McKeown: I'm not too worried about Carter's value. He's one of the Bulls' core building blocks and will continue to see decent run. Parker and Holiday should be sold immediately, though, if that's even possible. Both players will still hold value in many formats, but they're peak production for this season has passed.
Barutha: Holiday will probably need to be cut in standard formats. Parker and Carter are legitimate parts of the Bulls' rebuild and I assume they'll be given as much run as possible. You may not want to start Parker or Carter every week, but they should still be quality bench pieces for fantasy teams.
Barner: I'd sell high on Parker if you can find someone to take him. I wouldn't be shocked if he doesn't play much once Portis returns. I don't think Carter is impacted a ton, but Holiday isn't going to average 35 minutes a game like he is now. If the Bulls are smart, they should be looking to trade Holiday.
Rikleen: All of them are likely to take a hit. There are 240 player-minutes per game. Conservatively, Markkanen, Dunn and Portis will account for 80 (30, 30, 20, respectively). That is 33 percent of the rotation joining the team between Thanksgiving and Christmas. The entire rotation is about to change radically. Of the three, I'm most worried about Holiday, even though the other two will face more direct threats to their depth chart status.
6. At age 33, Chris Paul is averaging near-career-lows in a number of key counting and advanced stat categories through 18 games. How concerned should fantasy owners be?Anderson: Very worried, since his draft-day price tag was clearly too high. I think he'll be fine on a per-game basis, but I would expect him to miss a lot of time over the rest of his career.

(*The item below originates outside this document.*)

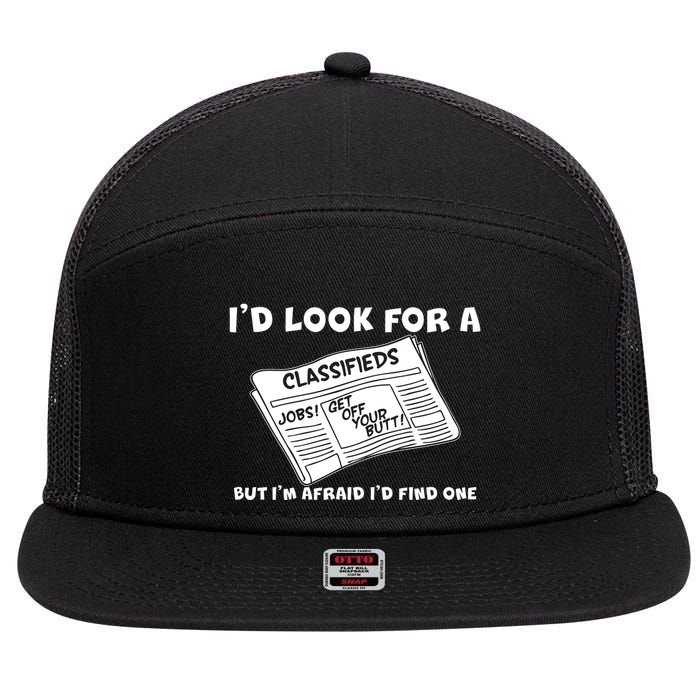 I'd Look For A Job But I'm Afaid I'd Fine One 7 Panel Mesh Trucker Snapback Hat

Whalen: Paul definitely looks a step slow this season, but I'm still confident he can get right and play at an All-Star level in the near-term, provided his hamstring holds up. That said, I don't think we're too far away from the Rockets regretting handing an injury-prone 33-year-old a four-year deal with a $44.2M player option for his age-36 season.
Crites: Owners should be very concerned. He just missed three games a week ago and I'm sure more nagging injuries are in his future. Deal him while his big name still enamors fans.
McKeown: CP3 came at a vast discount in most of my drafts/auctions. He's still performing at a top-20 clip based on per-game averages this year, so I don't think there's much to worry about here, just know he's past his prime.
Barutha: I don't think he's washed, but miles and injuries are piling up. It wouldn't surprise me if this year, at age 33, we started seeing tangible decline from CP3. He might be worth hanging onto in redraft leagues, but I'd float him out in trade offers in dynasty formats unless I was a contender.
Barner: I find it hard to believe he's going to continue to shoot just 42.4 percent from the field, but injuries are always a concern. Now's not the time to try and trade him, but if he goes on a hot streak, it might not be a bad idea to gauge the level of interest for him in your league.
Rikleen: Very concerned. Paul was always old for his age. And 33 is old most NBA players. His play is down across the board, but fortunately he hasn't fallen off a cliff. I think it's reasonable to expect his current level of play to continue throughout the season, and that we're at the point in his career where we expect some amount of continued decline each subsequent season.